In Double Feature, we’re presented with back-to-back stories related to the movie industry. The first, “A Travesty”, follows film reviewer Calvin Thorpe, as he tries to cover up a murder by staying out of the path of a pair of detectives as well as a blackmailer. The second, “Ordo”, focuses on a man who discovers his long-lost wife has become a Hollywood bombshell.
“A Travesty”, the first of the two stories, takes up about three quarters of the book. Westlake produces a bumbling yet seemingly clever protagonist in Carey Thorpe who consistently evades suspicion despite a litany of bad choices. I can’t decide if he’s just cocky or at times completely oblivious to his actions. Maybe it’s a little of both. In fact, there’s a choice he makes mid-way through the story that was so unbelievably stupid and short-sighted that I wanted to cry-out, “OH, COME ON”. What he did was even more mind-boggling considering he showed that he could be a rather brilliant detective as he helped the two detectives assigned to the murder he was involved in solve a handful of other murders! I guess it was a case of “rules for thee, not for me”.

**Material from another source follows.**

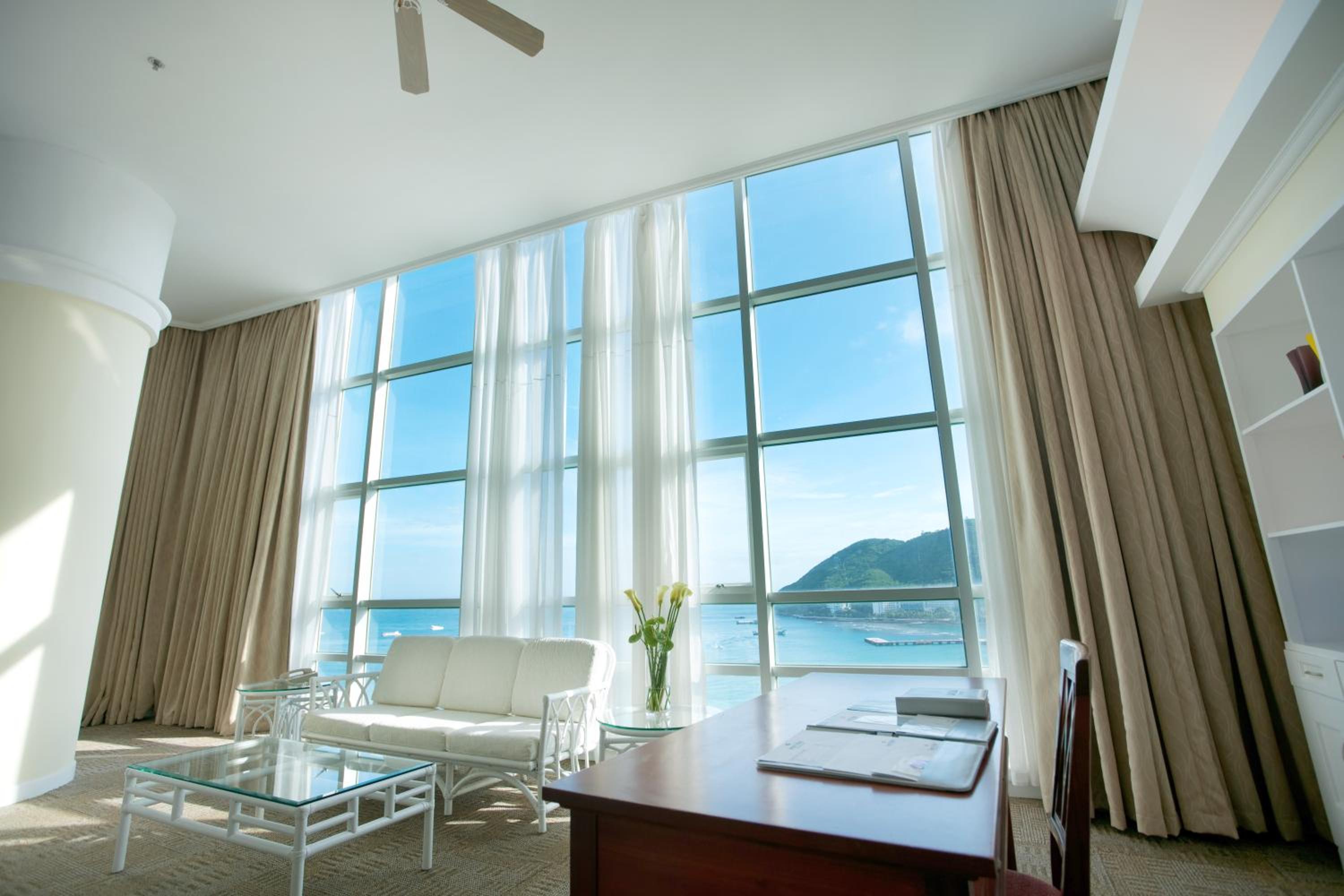 Sunshine Resort Intime Sanya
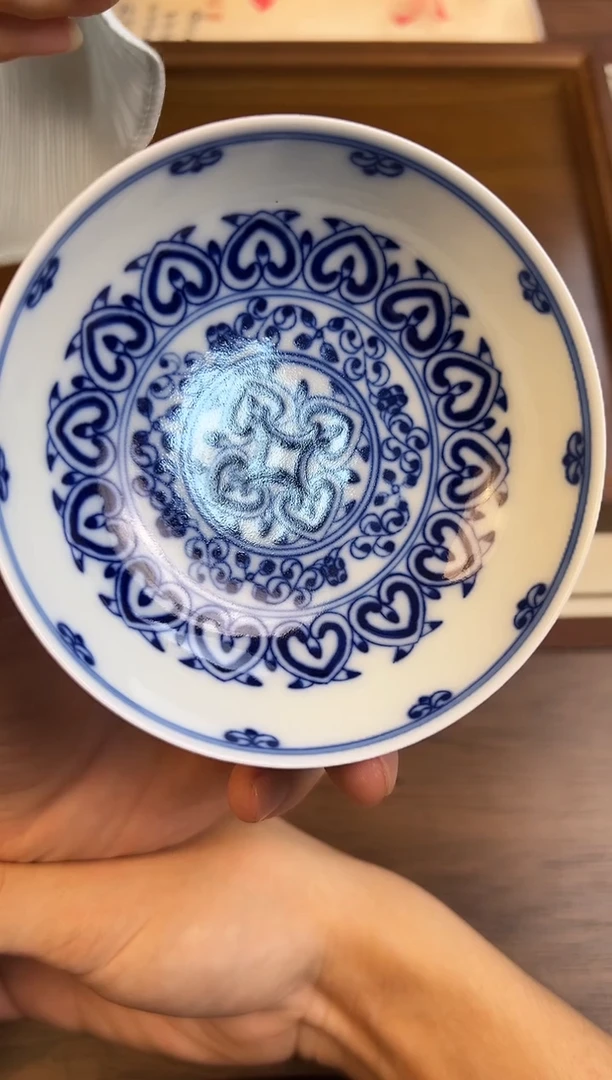 问青坊纯手工手绘青花宝相普洱柴窑杯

The second story, “Ordo”, is a philosophical look at the idea of identity and how we sometimes have to completely change ourselves in order to get what we want out of life. Despite its much shorter length compared to the first story, I thought it was the stronger of the two. The main character, Ordo, struggles with the thought that the woman he knew sixteen years prior is someone he no longer recognizes whereas he has not changed in the slightest. This story hit me particularly hard given its deeply introspective subject matter and its emotional finale.
Hard Case Crime continues to be one of my favorite publishers going today and I commend them for unearthing and publishing some of the most interesting work from a by-gone era.